The program was co-created with indigenous community food-based educators and settler allies from Island Health, and community organizations. These supporting partners include the Victoria Foundation, the Horner Foundation, the Capital Region Food and Agriculture Initiatives Roundtable, and Coast Salish Health and the Wellness Initiative, an FNHA and VI Coast Salish Nation Partnership.

TERRITORY 

ACKNOWLEDGMENT 

This initiative promotes healthy and sustainable food systems.  This considers our relationships with each other, and the land and waters of this region. We endeavour to honour the land and its treaties by strengthening our relationship and responsibilities to them. We live and work on unceded Coast Salish Territories*, specifically of the Lekwungen (Songhees and Esquimalt Nations) and W̱SÁNEĆ

(Tsartlip/W̱JOȽEȽP, Tseycum/WSIḴEM, Tsawout/SȾÁUTW, and Pauquachin/BOḰEĆEN Nations).

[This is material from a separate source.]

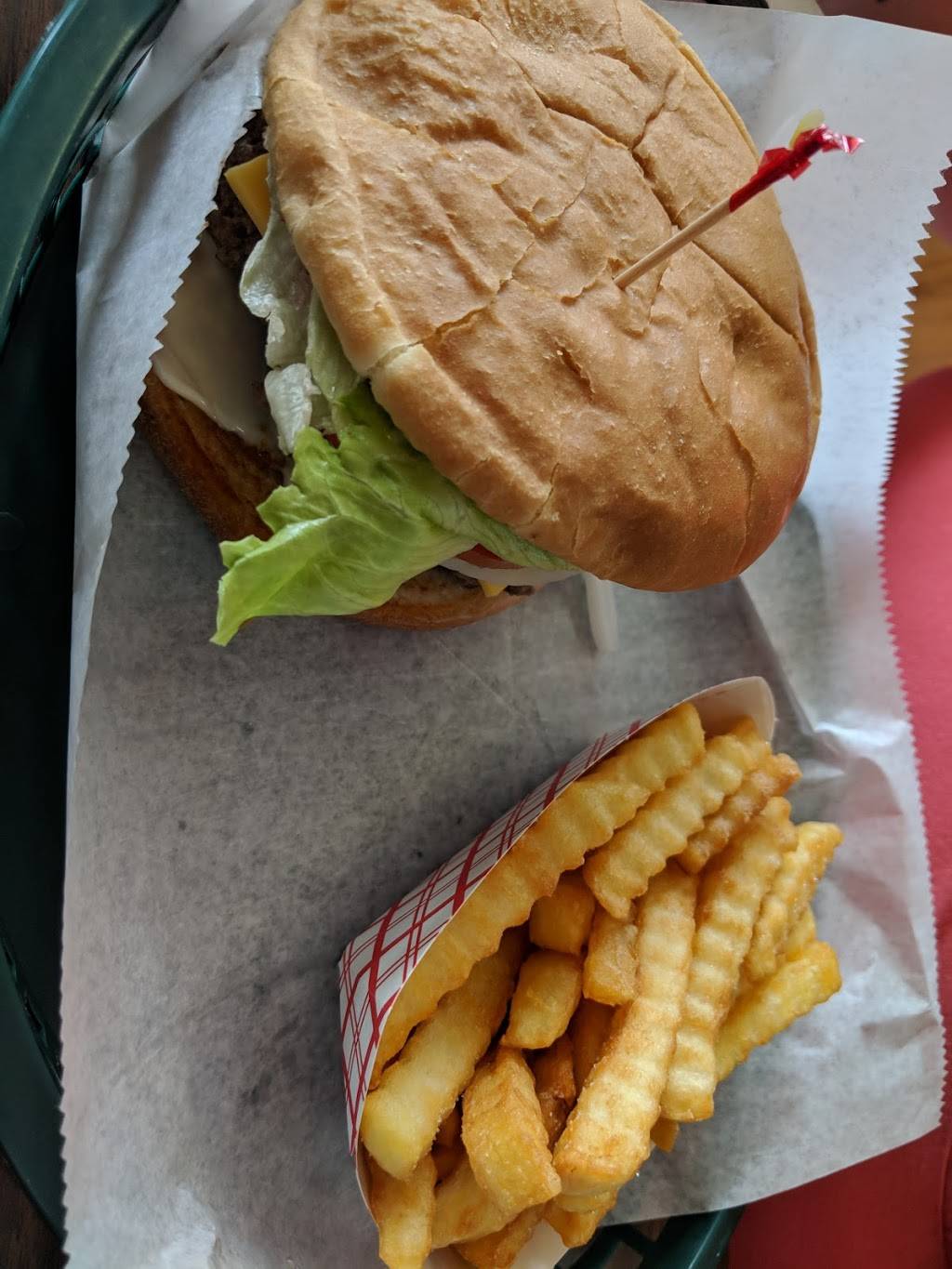 Snack Shack | restaurant | 904 Betsy Pack Dr, Jasper, TN 37347, USA | 4239428955 OR +1 423-942-8955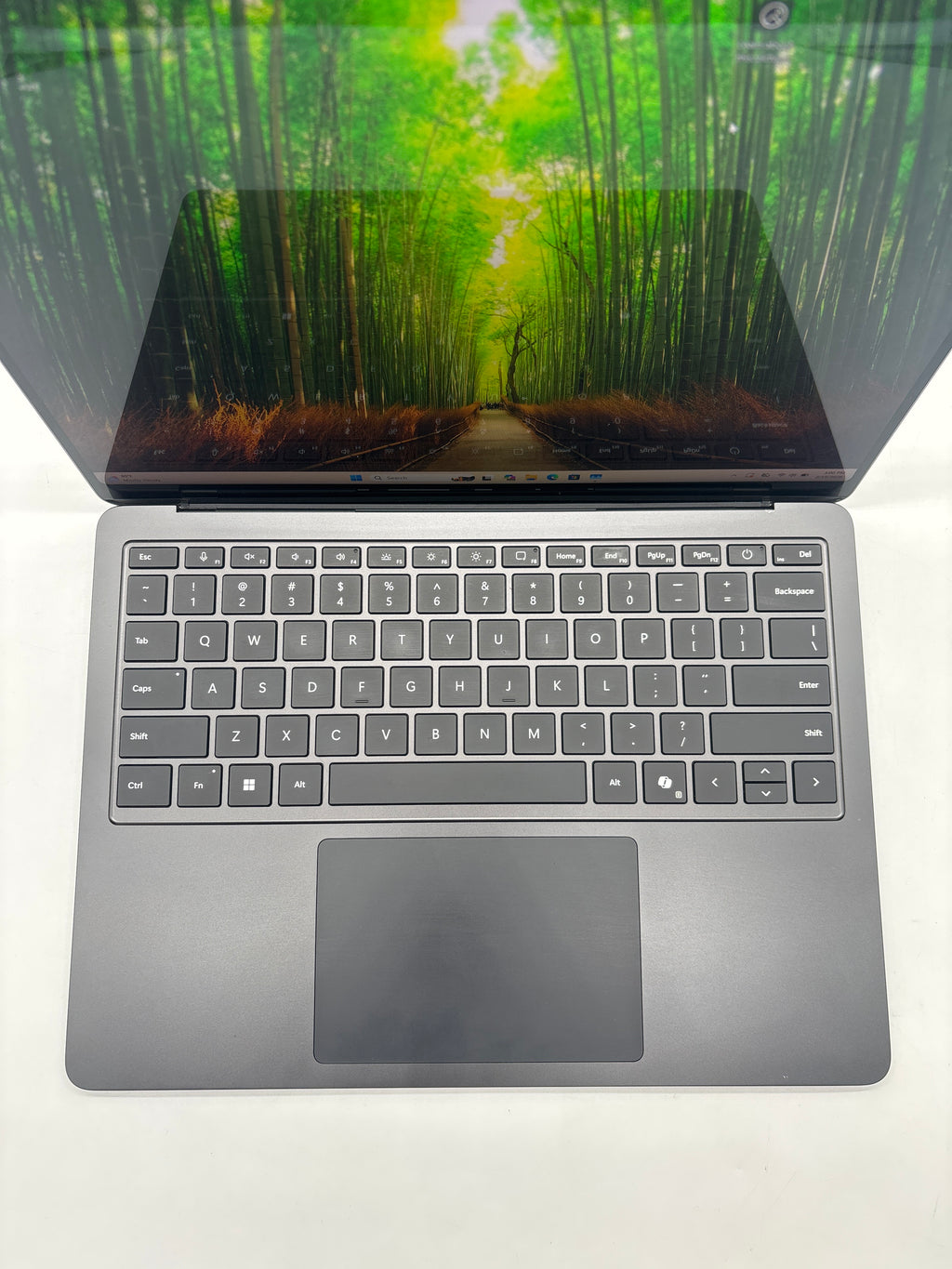Microsoft Surface Laptop 7 2107 Ultra 7 268V 32GB RAM 1TB SSD - For Parts (READ)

The presence of settlers (non-Indigenous peoples who live on these lands) is not neutral; it has had and continues to have devastating impacts on many aspects of life for Indigenous peoples. Many of our practices, including the seeds we plant, the ways we educate, and our methods of growing food came to these lands through the ongoing process of colonialism. Settler colonialism has suppressed local well-being by harming Lekwungen and W̱SÁNEĆ food systems, whether they be land-based or of the sky and sea. We hold this understanding in our interactions and engagements with the land and our people. 

There is important work being done by many nations and allies to ensure the continued thriving of these food systems, communities, and knowledge systems. Those of us who are settlers need to recognize that our knowledge and way of doing things may not be the priority as we work towards food security for everyone in this region.